On Martial Law, the lockdown dictatorship, and CDC PH
September 23, 2025 | 12:02 am
My Cup Of Liberty
By Bienvenido S. Oplas, Jr.
I write this in beautiful city of Valencia — the third largest city of Spain by population size — where I attended the Tholos Forum 2025 which ended last Saturday. This is the Tholos Foundation’s premier annual gathering of international coalition leaders, free market-leaning think tank and institute leaders, plus a few policy makers and national legislators.
I am among the International Fellows of the Tholos Foundation (US), the only Fellow from Asia, and I have been a friend of the Foundation since 2004 or 21 years ago. The Foundation has invited me to their many international conferences, starting with the Pacific Rim Policy Exchange 2007-1010 in Hawaii, Hong Kong, Singapore, Sydney. There have been more recent events in Australia, France, Argentina, and Spain.
Thus, I missed the huge anti-corruption rally held last Sunday, Sept. 21, the anniversary of the start of the Marcos Sr. Dictatorship. The declaration of Martial Law was made on Sept. 21, 1972 under former President Ferdinand Marcos, Sr. (Actually, it was made on Sept. 23 then backdated to a more auspicious date. — Ed.).
Another important date is Sept. 17, 2020, which was when the Concerned Doctors and Citizens of the Philippines (CDC PH) was formed. It was the largest and most consistent anti-lockdown movement in the country during the dark days of 2020-2021 under former President Rodrigo Duterte. CDC PH turns five years old this month. As I am the only economist in the core group, I will again review what happened to our economy during the lockdown years compared with other major economies in the world at the time.
In 2020, the Philippines suffered a horrible GDP contraction of 9.5% — the worst in Asia and the worst in Philippine economic history since just after World War 2. We had among the worst COVID-19 lockdown policies, irrational and senseless, some of which were not seen in many other countries.

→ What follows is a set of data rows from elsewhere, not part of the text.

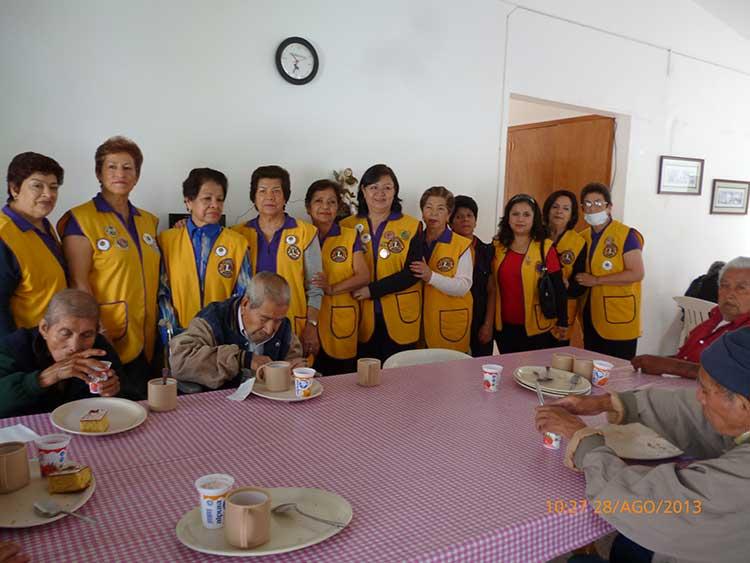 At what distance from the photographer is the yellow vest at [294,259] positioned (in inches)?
116

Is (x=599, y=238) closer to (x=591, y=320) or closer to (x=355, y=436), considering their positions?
(x=591, y=320)

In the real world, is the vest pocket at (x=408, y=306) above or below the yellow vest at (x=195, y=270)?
below

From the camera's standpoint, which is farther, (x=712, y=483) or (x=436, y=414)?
(x=436, y=414)

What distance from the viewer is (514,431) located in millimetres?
1611

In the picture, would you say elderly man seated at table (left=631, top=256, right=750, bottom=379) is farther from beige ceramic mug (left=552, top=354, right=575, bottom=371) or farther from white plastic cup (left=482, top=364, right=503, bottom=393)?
white plastic cup (left=482, top=364, right=503, bottom=393)

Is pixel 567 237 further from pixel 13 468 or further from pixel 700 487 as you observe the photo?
pixel 13 468

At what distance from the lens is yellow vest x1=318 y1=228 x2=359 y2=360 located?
3.19m

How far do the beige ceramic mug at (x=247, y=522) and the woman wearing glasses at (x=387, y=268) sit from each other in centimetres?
220

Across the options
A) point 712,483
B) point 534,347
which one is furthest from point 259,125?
point 712,483

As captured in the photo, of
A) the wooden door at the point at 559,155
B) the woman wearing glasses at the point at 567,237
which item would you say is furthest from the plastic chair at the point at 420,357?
the wooden door at the point at 559,155

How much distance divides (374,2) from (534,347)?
2.47 m

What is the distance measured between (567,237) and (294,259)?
6.37 ft

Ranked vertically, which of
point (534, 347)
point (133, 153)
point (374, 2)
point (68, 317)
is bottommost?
point (534, 347)

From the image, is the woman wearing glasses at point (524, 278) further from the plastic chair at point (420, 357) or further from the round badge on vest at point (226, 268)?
the round badge on vest at point (226, 268) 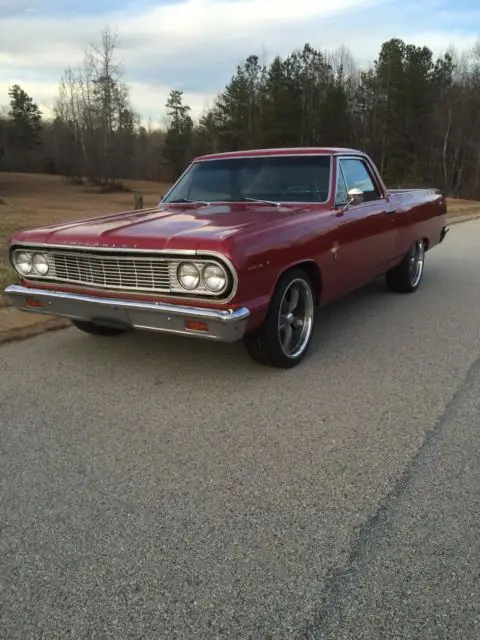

These included the shutdown of public transport, from jeepneys, taxi, and buses to planes; the shutdown of shops and malls, with public markets limited to only four hours a day; the closure of borders between and among municipalities, barangays, and even among sitios in the same barangays; the mandatory use of face shields that covered the whole face on top of mandatory facemasks; the mandatory use of a plastic separator between motorcycle drivers and their passengers; no entry into schools, offices, malls, buses, planes, etc. without a vaccination card, and so on.
None of these measures were practiced during the dictatorship of the 1970s. Back then there were curfew hours, the imprisonment of political opponents, and government takeover of non-friendly media, but the people had the freedom to move across municipalities and provinces, and they could open their shops and businesses.
For this exercise, I have compared three indicators: a.) using economic growth in 2018-2019 as the baseline, growth or contraction in 2020-2021, then growth in 2024; b.) public debt/GDP ratio same periods; and, c.) GDP size at purchasing power parity (PPP) values in 2019 and 2024.
In Asia, the Philippines was second only to Thailand which also suffered a deep contraction in 2020-2021 — but Thailand was already growing slowly before this period, while the Philippines had a brisk GDP growth of 6.2% pre-lockdown. When it comes to Debt/GDP ratio, ours jumped by a huge 17 percentage points after the lockdown, meaning the borrowings were big in order to “help” jobless people and the bankrupt businesses that were shut down by the government in the first place (see Table 1).
Many European countries, including Spain and the UK, and Mexico suffered deep contractions in 2020-2021. But like Thailand and Japan, they already had slow growth pre-lockdown. The rise in their Debt/GDP ratio was also not as steep as the rise in the Philippines (see Table 2).
ECONOMIC FREEDOM
The sharing of ideas and experiences among participants and speakers at the Tholos Forum pointed to the need to continue fighting for economic freedom, and for protection of individual liberty and our pockets from the abuses of big government and big corruption.
And I tip my hat to the original convenors and organizers of CDC PH — doctors and entrepreneurs who understand the value of individual freedom and individual choice to trust in natural immunity over experimental vax immunity. Especially to Dr. Benigno “Iggy” Agbayani, Jr., the first President of CDC PH. His soul should be at peace in heaven now.
May the dark days of the lockdown dictatorship stay in the minds of our people as it was worse than the Martial Law dictatorship. We should never allow it to happen again.